= Exercise =
Reproduce nothing but the closing run of lines: the line with "Numérique - Collection" and each line that follows it to the end of the data.

Short text fragments from websites:
• • • •
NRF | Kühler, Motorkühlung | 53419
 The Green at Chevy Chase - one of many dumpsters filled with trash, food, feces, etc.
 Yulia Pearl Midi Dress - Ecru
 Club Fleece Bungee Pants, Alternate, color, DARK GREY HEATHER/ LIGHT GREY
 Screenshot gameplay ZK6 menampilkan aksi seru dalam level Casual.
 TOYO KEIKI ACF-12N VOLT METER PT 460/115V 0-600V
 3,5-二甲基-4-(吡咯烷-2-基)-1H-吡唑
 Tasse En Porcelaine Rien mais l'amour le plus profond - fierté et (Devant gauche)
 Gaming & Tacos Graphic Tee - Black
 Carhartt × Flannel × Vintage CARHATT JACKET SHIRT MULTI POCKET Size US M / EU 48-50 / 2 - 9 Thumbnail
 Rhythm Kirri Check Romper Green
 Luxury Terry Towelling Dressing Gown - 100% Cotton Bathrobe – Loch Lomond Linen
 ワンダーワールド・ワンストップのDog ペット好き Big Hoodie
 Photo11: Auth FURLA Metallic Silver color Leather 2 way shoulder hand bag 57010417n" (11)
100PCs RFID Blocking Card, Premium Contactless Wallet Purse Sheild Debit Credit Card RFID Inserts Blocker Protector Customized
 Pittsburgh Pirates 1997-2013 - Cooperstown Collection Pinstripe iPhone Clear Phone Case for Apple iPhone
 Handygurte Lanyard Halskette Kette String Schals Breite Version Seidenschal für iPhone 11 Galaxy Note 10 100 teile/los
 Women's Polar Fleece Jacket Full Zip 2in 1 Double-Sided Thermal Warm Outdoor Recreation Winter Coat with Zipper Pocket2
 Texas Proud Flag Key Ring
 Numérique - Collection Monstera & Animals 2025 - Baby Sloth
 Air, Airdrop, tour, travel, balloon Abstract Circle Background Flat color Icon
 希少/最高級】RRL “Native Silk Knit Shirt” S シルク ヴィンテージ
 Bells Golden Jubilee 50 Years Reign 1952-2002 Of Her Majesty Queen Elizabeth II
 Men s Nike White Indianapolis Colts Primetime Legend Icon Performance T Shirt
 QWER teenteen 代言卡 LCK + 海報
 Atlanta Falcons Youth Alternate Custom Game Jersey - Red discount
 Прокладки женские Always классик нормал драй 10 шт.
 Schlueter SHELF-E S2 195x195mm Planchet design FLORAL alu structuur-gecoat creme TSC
• • • •
= Completed exercise =
 Numérique - Collection Monstera & Animals 2025 - Baby Sloth
 Air, Airdrop, tour, travel, balloon Abstract Circle Background Flat color Icon
 希少/最高級】RRL “Native Silk Knit Shirt” S シルク ヴィンテージ
 Bells Golden Jubilee 50 Years Reign 1952-2002 Of Her Majesty Queen Elizabeth II
 Men s Nike White Indianapolis Colts Primetime Legend Icon Performance T Shirt
 QWER teenteen 代言卡 LCK + 海報
 Atlanta Falcons Youth Alternate Custom Game Jersey - Red discount
 Прокладки женские Always классик нормал драй 10 шт.
 Schlueter SHELF-E S2 195x195mm Planchet design FLORAL alu structuur-gecoat creme TSC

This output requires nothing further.